# 8 seater cars or people movers



## MMNS (Jun 4, 2011)

Hi
we may be moving over later this yr and have 4children 4and under si all in carseats still.
Does anyone know the options for vehicles with 4anchor points and enough seats /cargo space as we still use a double pram also.
Thanks


----------



## Tropicana (Apr 29, 2010)

do you mean actual people movers instead of large SUVs

If yes, then the Toyota Previa and Honda Odyssey come to mind. The former is used almost exclusively by hotels and fleets


----------



## JunFan (May 20, 2008)

We've four kids, only one in a car seat now thankfully. Best option is a 4x4 with 7 or 8 seats. I recommend a 4x4 due to the higher driving position which you may find and feel safer in. A lot depends on budget, and I wouldn't suggest you buy new unless you like the smell of a brand new car as there are lots of good bargains around on the S/H market.
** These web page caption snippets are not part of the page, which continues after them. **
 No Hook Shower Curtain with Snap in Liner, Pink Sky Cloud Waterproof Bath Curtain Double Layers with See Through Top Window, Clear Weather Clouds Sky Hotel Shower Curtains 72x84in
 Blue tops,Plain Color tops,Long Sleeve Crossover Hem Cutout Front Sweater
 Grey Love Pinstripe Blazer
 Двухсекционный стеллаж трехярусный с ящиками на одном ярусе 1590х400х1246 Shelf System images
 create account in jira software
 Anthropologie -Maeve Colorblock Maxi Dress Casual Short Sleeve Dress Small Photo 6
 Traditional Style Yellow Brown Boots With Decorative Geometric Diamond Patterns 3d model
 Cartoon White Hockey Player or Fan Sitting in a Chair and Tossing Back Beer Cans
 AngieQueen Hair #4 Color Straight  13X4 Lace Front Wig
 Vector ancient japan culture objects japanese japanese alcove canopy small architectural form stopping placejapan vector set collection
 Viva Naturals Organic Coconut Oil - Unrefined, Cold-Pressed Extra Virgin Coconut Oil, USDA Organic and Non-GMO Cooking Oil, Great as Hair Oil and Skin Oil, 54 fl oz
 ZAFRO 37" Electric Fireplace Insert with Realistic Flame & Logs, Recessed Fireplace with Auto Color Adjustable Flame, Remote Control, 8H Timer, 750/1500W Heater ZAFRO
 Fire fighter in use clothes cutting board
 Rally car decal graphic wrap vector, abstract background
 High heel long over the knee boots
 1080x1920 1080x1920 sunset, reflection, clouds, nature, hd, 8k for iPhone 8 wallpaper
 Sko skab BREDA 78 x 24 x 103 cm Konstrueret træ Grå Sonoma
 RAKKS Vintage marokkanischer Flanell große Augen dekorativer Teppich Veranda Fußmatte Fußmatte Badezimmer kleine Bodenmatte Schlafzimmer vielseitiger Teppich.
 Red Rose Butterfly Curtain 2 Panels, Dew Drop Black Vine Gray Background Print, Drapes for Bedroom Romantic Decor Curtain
Ones to look for (which still provide some luggage space) which are classed as affordable are; Dodge Durango, Honda Pilot, Nissan Armada, Landrcruiser etc


----------



## MMNS (Jun 4, 2011)

Thank you 

We have looked at the odyssey here in Aust and found it didnt' have enough cargo space with all seats taken.
We also looked at the 7 seater SUVs but due to having to leave one centre row seat free to fold fwd for access, had to use precious boot space by having both back seats occupied. which is why we are looking at 8 seaters.. 

I will look into the vehicles you have suggested 

I am still interested in hearing if anyone has any knowledge of how i might go about putting in additional anchor points as most vehicles have only 3
Here i was able to get the number of an installer via the state road authority (licenses registrations etc...)

thanks


----------